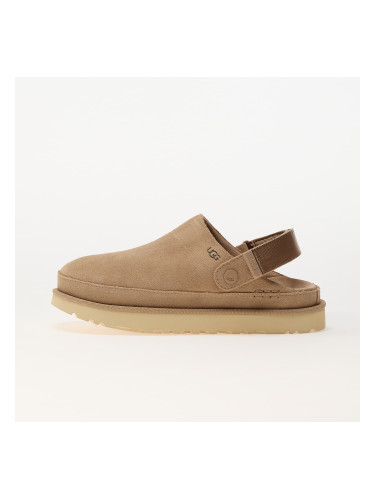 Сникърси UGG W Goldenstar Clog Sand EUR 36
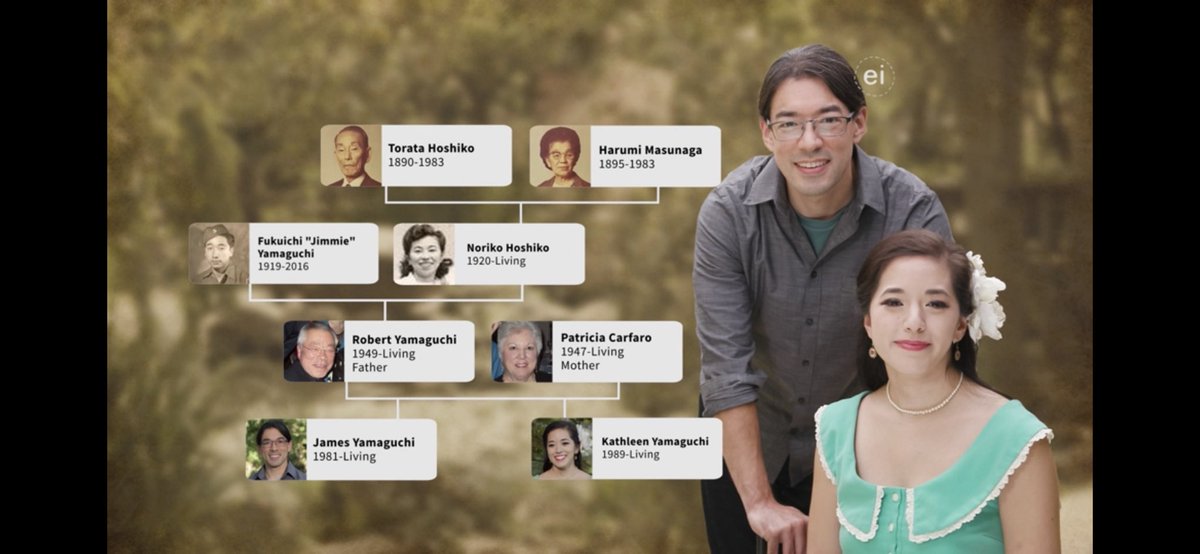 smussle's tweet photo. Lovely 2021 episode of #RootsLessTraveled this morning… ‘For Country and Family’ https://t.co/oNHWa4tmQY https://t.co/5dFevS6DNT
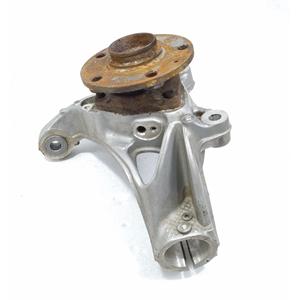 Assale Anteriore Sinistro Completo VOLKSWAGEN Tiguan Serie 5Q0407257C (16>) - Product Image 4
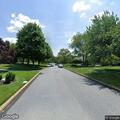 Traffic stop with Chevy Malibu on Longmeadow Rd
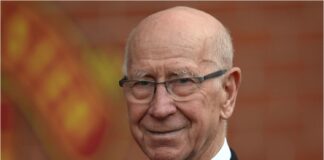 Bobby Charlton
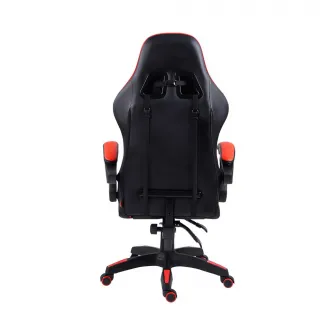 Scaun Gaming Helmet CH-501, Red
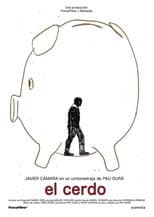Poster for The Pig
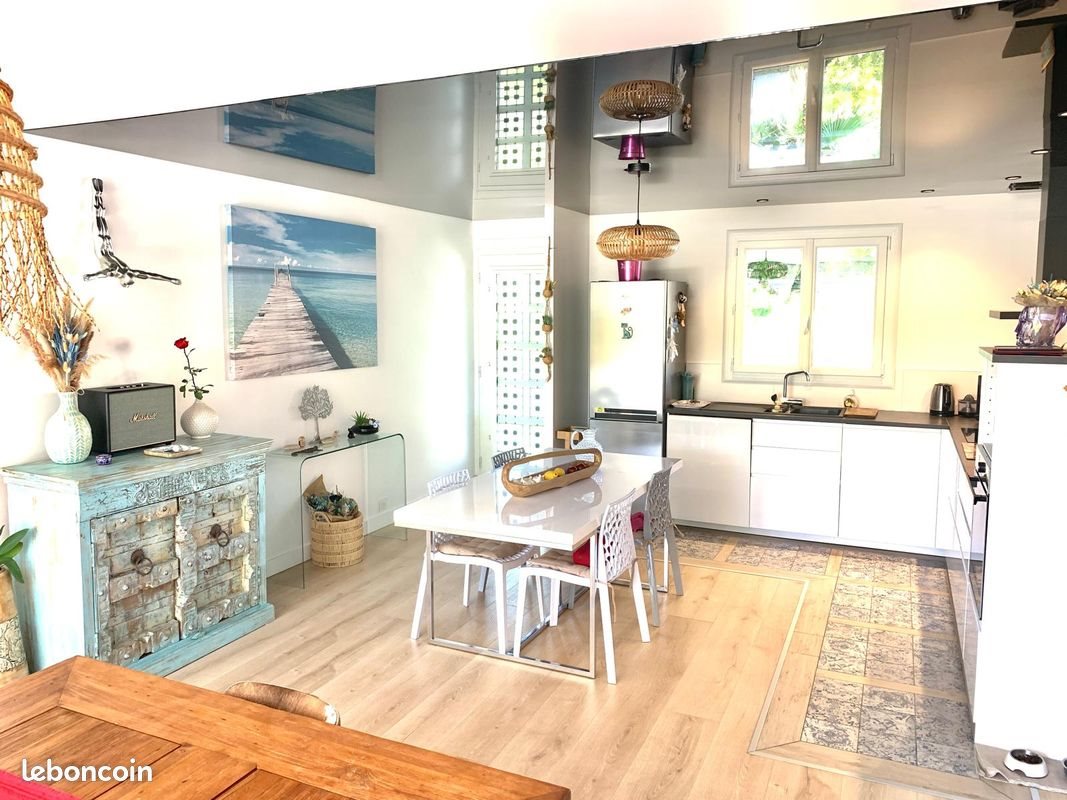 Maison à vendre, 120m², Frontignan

···

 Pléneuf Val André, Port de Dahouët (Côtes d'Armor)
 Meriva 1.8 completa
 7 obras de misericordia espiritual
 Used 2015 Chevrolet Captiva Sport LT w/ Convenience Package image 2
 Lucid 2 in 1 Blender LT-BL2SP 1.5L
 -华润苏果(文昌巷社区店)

···

Task description:
In the listing above, find the line with "Pléneuf Val André, Port" and the line with "-华润苏果(文昌巷社区店)"; set down exactly those two lines and every line between them, nothing more.

Output of the task:
 Pléneuf Val André, Port de Dahouët (Côtes d'Armor)
 Meriva 1.8 completa
 7 obras de misericordia espiritual
 Used 2015 Chevrolet Captiva Sport LT w/ Convenience Package image 2
 Lucid 2 in 1 Blender LT-BL2SP 1.5L
 -华润苏果(文昌巷社区店)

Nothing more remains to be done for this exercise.